The warrants are the first issued by the ICC, based in The Hague. The tribunal, which began functioning in mid-2003, is the world's first permanent global court set up to try individuals for genocide, war crimes and crimes against humanity.

"I know they have issued arrest warrants for five people," said William Lacy Swing, the American diplomat who heads the U.N. mission in the Congo.

In Kampala, Minister of Internal Affairs Ruhakana Rugunda told Reuters: "I have no specific information on whether warrants have been issued or not. All I can say is, if they have been issued, it would not be a surprise to me at all."

A spokesman for the ICC in The Hague declined to comment.

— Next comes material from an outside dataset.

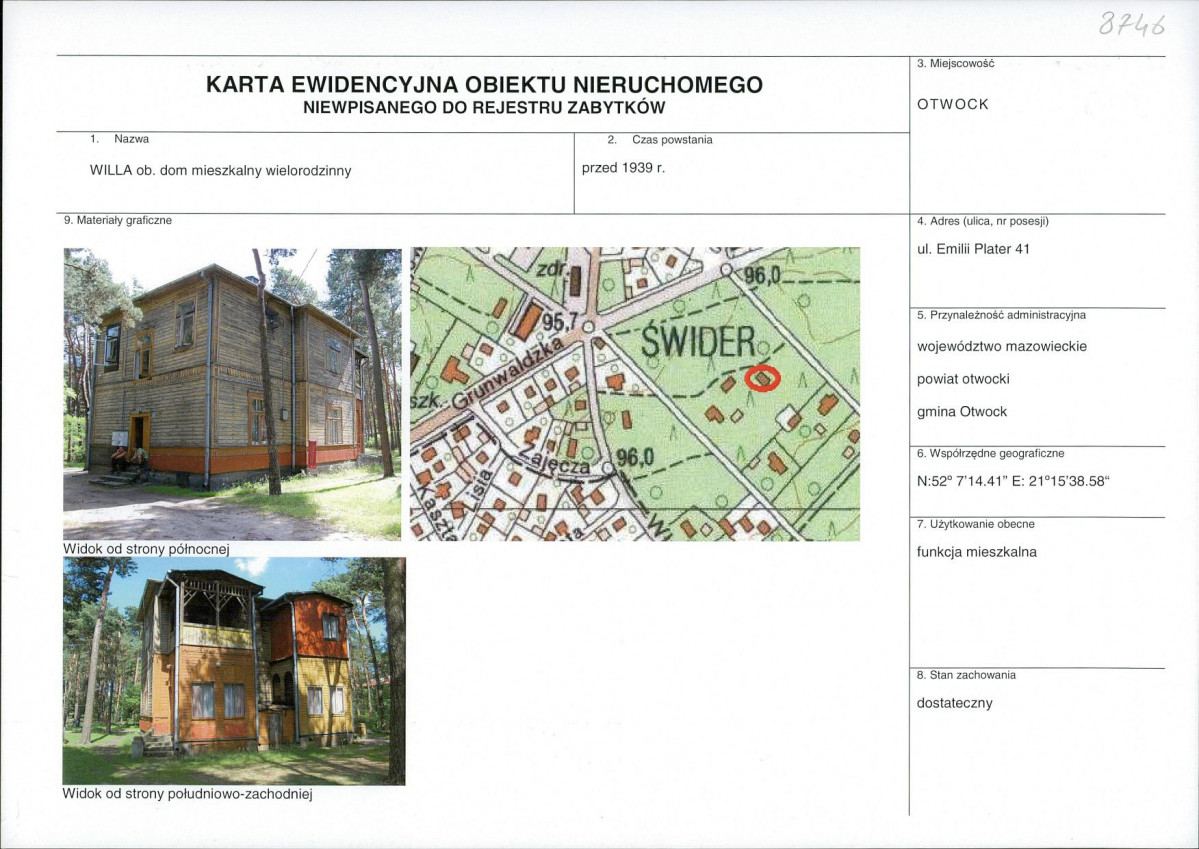KEZN - Karta obiektu niewpisanego do rejestru, skan nr 1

Swing told a news conference that notifications went out last week to the governments of Uganda, Sudan and the Democratic Republic of the Congo, where a remnant of the LRA took refuge last month.

Nineteen years of warfare by the LRA, led by a Christian mystic, Joseph Kony, has devastated northern Uganda and uprooted more than 1.6 million people. More than 10,000 children have been kidnapped by the rebels, based in the Sudan, and forced to become fighters, labourers and sex slaves.

Swing said he could not reveal the names of the five. But Kony is certain to be among them.

Richard Dicker, an attorney for the New York-based Human Rights Watch, said the arrest warrants gave the victims of LRA crimes a first opportunity for justice.

"It stamps the accused, not just as people associated with horrific acts, but as indicted war criminals by an international court. That has not happened before," he said.

Dicker said the indictments were a first step and needed the cooperation of governments.

He said he hoped that the ICC prosecutor, Argentine Luis Moreno-Ocampo, would not limit himself to crimes committed by the LRA but look into abuses by the Ugandan army. The military is accused by human rights groups of beating and killing civilians they were supposed to protect from the LRA.

Kony is believed to be hiding in the mountains of southern Sudan. He was originally given support by the Sudanese military during its conflict with Uganda.

The LRA received international notoriety in 1996 when it abducted 152 teenage girls from St. Mary's College, a boarding school in northern Uganda. Nuns pursued 200 armed men and 109 girls were released while "the prettiest" were taken as "wives."

Unlike other tribunals, the ICC has no time limit. Its indictments remain in force until the suspect is tried, dies or runs out of hiding places.